Por Fernando Brito
Graciliano Ramos, em seu “Memórias do Cárcere” diz que “”quem dormiu no chão deve lembrar-se disto, impor-se disciplina, sentar-se em cadeiras duras, escrever em tábuas estreitas. Escreverá talvez asperezas, mas é delas que a vida é feita: inútil negá-las, contorná-las, envolvê-las em gaze”.
Li, ontem, uma entrevista do presidente uruguaio José “Pepe” Mujica à agência chinesa Xin Hua, reproduzida pelo Opera Mundi, onde a “notícia” é o fato dele recusar o título de “presidente mais pobre do mundo” e doar 90% do salário que recebe a instituições humanitárias.
Mas o que me chamou mais atenção foram as sábias lições de coerência dadas por Mujica ao longo da conversa.
Mujica, que não tem conta em banco nem cartão de crédito, cria galinhas e planta flores em uma chácara modesta nos arredores de Montevidéu, tem um fusca, outro carro velho e três tratores usados no cultivo de sua propriedade e de outras duas, onde tem a metade da terra. Porque ele vive assim?
“Segundo o presidente uruguaio, essa opção de vida foi gestada durante os anos em que viveu preso sob duras condições (1972-1985) em razão de sua atividade como guerrilheiro como membro do MLN-T (Movimento de Libertação Nacional – Tupamaro), movimento que lutou contra a ditadura militar.
“Por que cheguei a esse ponto? Porque vivi muitos anos em que, quando recebia um colchão à noite para dormir já me dava por contente. Foi quando passei a valorizar as coisas de maneira diferente”, disse ele sobre seus tempos de cárcere, quando disse ter passado a conversar com rãs e formigas para “não enlouquecer”.”
As dificuldades não querem dizer amargura.
“Eu não sou pobre, pobre é quem precisa de muito para viver”, diz Mujica, que não pretende ganhar dinheiro nem depois do mandato: ““Depois terei de gastar tempo para cuidar do dinheiro e muito mais tempo da minha vida para ver se estou perdendo ou ganhando.
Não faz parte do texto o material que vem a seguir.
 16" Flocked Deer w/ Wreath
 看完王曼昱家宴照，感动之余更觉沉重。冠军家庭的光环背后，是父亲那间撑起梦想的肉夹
Não, isso não é vida”
“”Sou austero, sóbrio, carrego poucas coisas comigo, porque para viver não preciso muito mais do que tenho. Luto pela liberdade e liberdade é ter tempo para fazer o que se gosta”, disse o presidente. Ele considera que o indivíduo não é livre quando trabalha, porque está submetido à lei da necessidade. “Deve-se trabalhar muito, mas não me venham com essa história de que a vida é só isso”.
Por isso, em uma entrevista á TV Espanhola, Mujica reagiu assim à sua possível indicação ao Prêmio Nobel da Paz, por sua política antidrogas.
“Estão loucos. Que prêmio da paz, nem prêmio de nada. Se me derem um prêmio desses seria uma honra para os humildes do Uruguai conseguirem um dinheiro a mais para fazer casinhas… no Uruguai temos muitas mulheres sozinhas com quatro, cinco filhos porque os homens as abandonaram e lutamos para que possam ter um teto digno… Bom, para isso teria sentido. Mas a paz se leva interiormente. E o prêmio eu já tenho. O prêmio está nas ruas do meu país. No abraço dos meus companheiros, nas casas humildes, nos bares, nas pessoas comuns. No meu país eu caminho pela rua e vou comer em qualquer bar sem essa parafernália de gente de Estado.”
Os nossos contemporâneos parecem ter esquecido de que a austeridade não é uma privação, mas uma libertação. Ela permite que estejamos libertos das correntes da submissão pela necessidade imaginária, da concessão ao inaceitável, da traição ao que pensamos e sentimos e que, por isso, deixamos de pensar e de sentir.
O progresso e a riqueza não são fins em si mesmos, mas ferramentas de libertação coletiva e de felicidade geral.
Ou, talvez, apenas de liberdade e felicidade, porque estas são bens sempre coletivos, assim os povos são como um trigal que, embora composto de milhões de plantas, move-se e reluz como uma unidade.
Gente como José Mujica, como as plantas que cultiva, não é eterna. Mas deixa sementes.